While people from majority Muslim countries were subject to “special registration” (in 2002 and 2003 non-US citizens, including "Green Card Holders," from Iran, Iraq, Syria, Libya, and Sudan had to report to special centers to give fingerprints, photographs, and biographical details), people from south of the border had to worry whether their employers would try to steal their wages (employers not paying for work done, believing undocumented people had no legal rights or would be too scared to report); whether walking or driving would land them in a mobile detention center until they proved their status (or if they would ever see their family members again if they could not prove their status); whether failing to hear from a friend or family member meant they were busy, dumped at the border, or dead; and whether it was worth it to call the police if they were victims of, or witnesses to, a crime.

Let's not forget the Native American community who are often mistaken for anything but "native American." Unlike the other targeted minority groups in history, Native Americans have never made it out of the social dungeon. They constantly hear "go back to your country." [Not sure whether to laugh or cry on that one.] And that is not even the worst thing they hear.

Yes there are people advocating for yet another "special registration" for Muslims. Yes there are people advocating Muslim ID badges. Yes there are people advocating the detention of Muslims in mass. Yes there are haters verbally and physically attacking Muslims and Muslim institutions.

But every brown person is feeling the heat these days - even people who are not brown but have some other characteristic that makes them look like an “other.”  In Canada a lady was attacked for wearing a winter scarf because someone thought it was a religious scarf. A Hindu Temple was vandalized because someone probably thought it was a Mosque. An Uber driver, and Christian immigrant, was attacked by a passenger who thought he was Muslim.  There are countless other stories that did and did not make it in the media.

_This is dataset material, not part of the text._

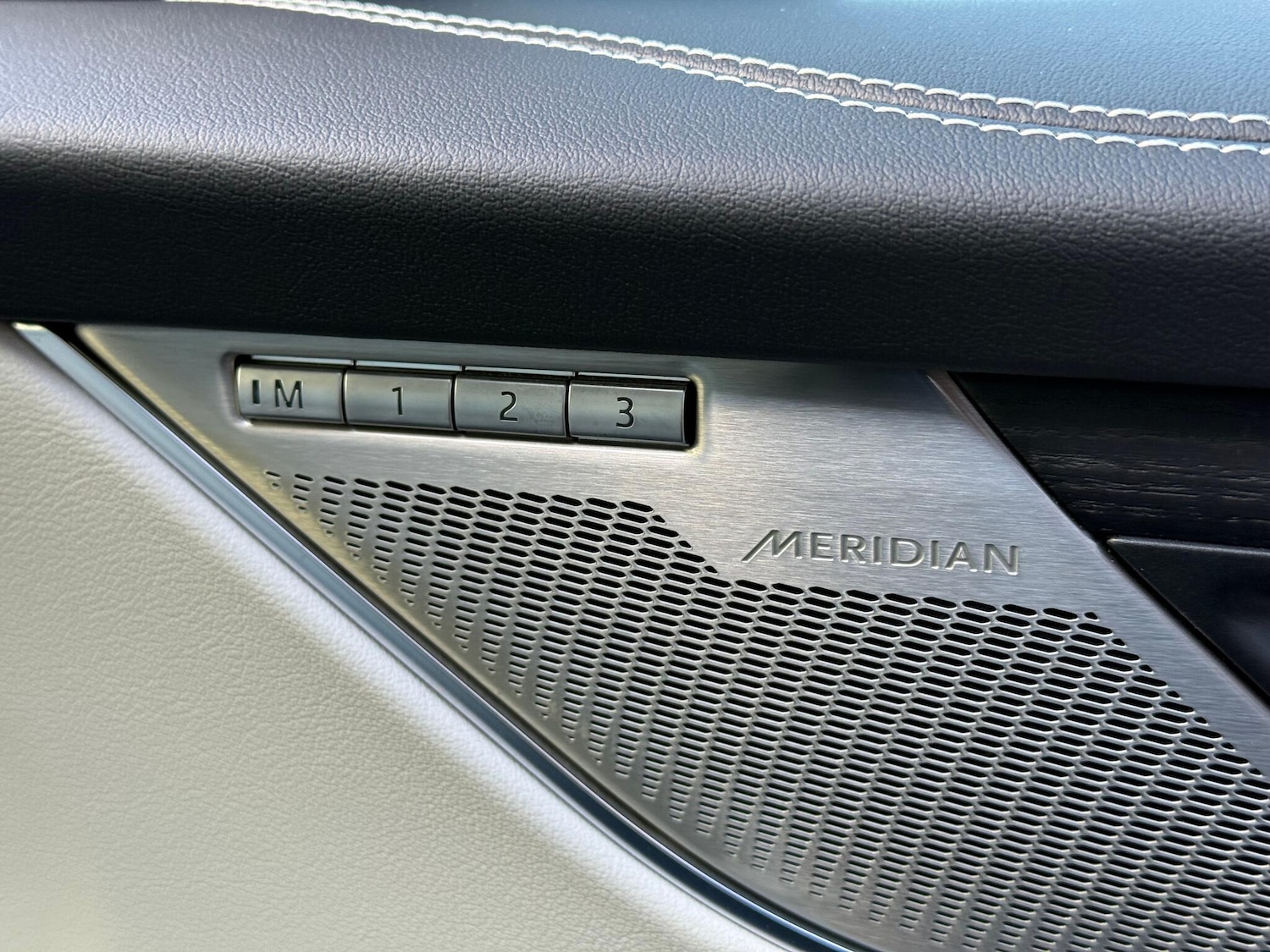 Used Jaguar F-Pace 2024 for sale - 77132000: Photo 48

Groups are also suffering from a less direct backlash.  Are you paying attention to the sudden desire to roll back women's liberation? (dress codes requiring girls dress in a way that "does not distract from boys' education"; the dissection of what rape "really is"). The movement to stop underpriviledged women's basic healthcare access from Planned Parenthood? The threat to basic social services for the poor, especially children? The threat to Social Security? The slide backwards on how HIV and AIDS victims are treated and viewed? The continued discrimination and attacks on the transgender population despite Caitlyn and the increase in acceptance of homosexuals?  The continued failure to address the needs of veterans?

A lot of people have their own life-threatening problems resulting from the extreme political landscape in the United States.

We as Muslims need to take a step back and realize we are not the only ones affected – and we need to stand with others in their time of need rather than just complaining because everyone is not standing with us. 

Just pick one. Any one. You and they will be glad you did.

That is how we live Islam. That is how we represent Islam. 

And though I understand Muslims feel pressured to individually condemn ISIS and terrorism, and there is nothing wrong with doing so, recognizing and standing with others in their time of need will always be more effective in demonstrating the beauty of Islam than all the articles, memes, tweets, and hashtags combined.



* Unfortunately, “Mexican” is the catch-all phrase for everyone south of the border, and too many people seem to believe that the entire undocumented population is “Mexican.”

1 comment:

  1. Following Sept 11 in Florida and generally speaking east and south coast, I found Hispanic people are sypmathatic with Muslims while complete opposite, punishing, and hatred from Afro-Americans !! I then decided to transfer to Oregon State University where I found the lovely Americans I knew and as if there was no Sept 11 happened. It was timely decision unlike those who left the US completely because they felt unsafe.